We apply our method to a genome-wide association study (GWAS); more specifically, an eQTL mapping study. The data are formed of 210 subjects from the International Hapmap Project, including three groups: (1) 90 subjects from Asian formed of 45 Japanese from Tokyo, 45 Han Chinese from Beijing, named “Grp1”; (2) 60 Utah residents with ancestry from northern and western Europe, named “Grp2”; and (3) 60 Nigerian from Ibadan, named “Grp3”. More details of the data can be found from the web link: ftp://ftp.sanger.ac.uk/pub/genevar/; see also Bradic et al. (2011). We adopt the existing methods to construct test statistics for testing the association between the expression level of the gene CCT8 and the SNP genotypes for each group of the subjects (Bradic et al., 2011; Fan et al., 2012).

The SNP genotypes have three possibilities: $\text{SNP}=0$ means no polymorphism, $\text{SNP}=1$ indicates one nucleotide has polymorphism, and $\text{SNP}=2$ implies both nucleotides have polymorphisms. Adopting the strategy in Bradic et al. (2011), we transform the SNP data into two dummy variables, namely $(d_{1},d_{2})$ :

•

$(d_{1},d_{2})=(0,0)$ for $\text{SNP}=0$ ;
•

$(d_{1},d_{2})=(1,0)$ for $\text{SNP}=1$ ;
•

$(d_{1},d_{2})=(0,1)$ for $\text{SNP}=2$ .

For subject $i$ , denote by $Y_{i}$ and $(d_{1,i,j},d_{2,i,j})$ the logarithm-transformed value of the expression level of gene CCT8 and the aforementioned dummy variables of the $j$ th SNP. We consider two sets of marginal linear regression models:

	$\displaystyle\mbox{Set 1:}\qquad Y_{i}$	$\displaystyle=$	$\displaystyle\alpha_{1,j}+\beta_{1,j}d_{1,i,j}+\epsilon_{1,i,j},\quad\mbox{for }j=1,\ldots,p;$
	$\displaystyle\mbox{Set 2:}\qquad Y_{i}$	$\displaystyle=$	$\displaystyle\alpha_{2,j}+\beta_{2,j}d_{2,i,j}+\epsilon_{2,i,j},\quad\mbox{for }j=1,\ldots,p.$

Here we impute the missing SNP data by 0, and exclude the SNPs that are identical to each other for all the subjects.

For each group of the data, we combine aformentioned two sets of models, and follow the procedure in Fan et al. (2012) to generate the test statistics; this leads to $2p$ test statistics.
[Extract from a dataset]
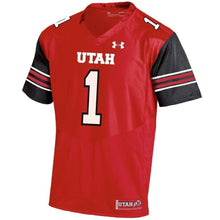 Load image into Gallery viewer, #1 Utah Utes Under Armour Premier Football Jersey - Red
In detail, we use the procedure described in Section 2 to establish an initial set of test statistics and their corresponding covariance matrix. We then use the dependence-adjusted procedure in Fan et al. (2012) to remove the top ten principal factors from the covariance matrix, and take a standardization step to generate a new set of test statistics of unit marginal variances; this helps reduce the dependence among the test statistics.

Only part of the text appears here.